The RSA sample shows how to perform singing and verification of a sample plaintext using a 1024-bit key.


The sample supports the following development kits:

Hardware platforms


Board name

Build target

nRF9160 DK



nrf9160dk_nrf9160_ns nrf9160dk_nrf9160

nRF5340 DK



nrf5340dk_nrf5340_cpuapp_ns nrf5340dk_nrf5340_cpuapp

nRF52840 DK




When built for an _ns build target, the sample is configured to compile and run as a non-secure application with Cortex-M Security Extensions enabled. Therefore, it automatically includes Trusted Firmware-M that prepares the required peripherals and secure services to be available for the application.


The sample performs the following operations:

  1. Initialization:

    1. The Platform Security Architecture (PSA) API is initialized.

    2. A random RSA key pair is generated and imported into the PSA crypto keystore.

    3. The public key of the RSA key pair is imported into the PSA crypto keystore.

  2. RSA signing and verification:

    1. Signing is performed using the RSA private key.

    2. The signature is verified using the exported public key.

  3. Cleanup:

    1. The RSA key pair and public key are removed from the PSA crypto keystore.

Building and running

This sample can be found under samples/crypto/rsa in the nRF Connect SDK folder structure.
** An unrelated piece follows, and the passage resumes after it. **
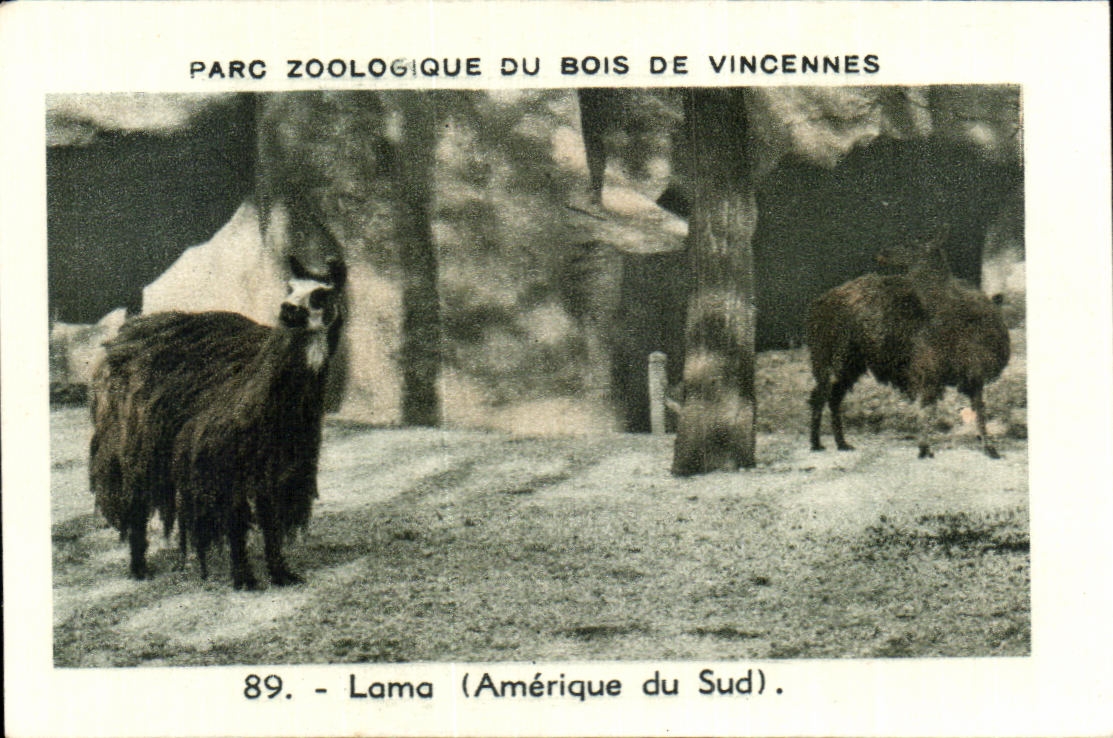Image Parc zoologique du bois de vincennes Zoo Lama Amerique du Sud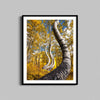 Dancing Autumn Aspen Trees Print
When built as firmware image for the _ns build target, the sample has Cortex-M Security Extensions (CMSE) enabled and separates the firmware between Non-Secure Processing Environment (NSPE) and Secure Processing Environment (SPE). Because of this, it automatically includes the Trusted Firmware-M (TF-M). To read more about CMSE, see Processing environments.

To build the sample with Visual Studio Code, follow the steps listed on the How to build an application page in the nRF Connect for VS Code extension documentation. See Building and programming an application for other building and programming scenarios and Testing and debugging an application for general information about testing and debugging in the nRF Connect SDK.


After programming the sample to your development kit, complete the following steps to test it:

  1. Connect to the kit with a terminal emulator (for example, PuTTY). See How to connect with PuTTY for the required settings.

  2. Compile and program the application.

  3. Observe the logs from the application using an RTT Viewer or a terminal emulator.


By default, the sample is configured to use both RTT and UART for logging. If you are using RTT, skip the first step of the testing procedure.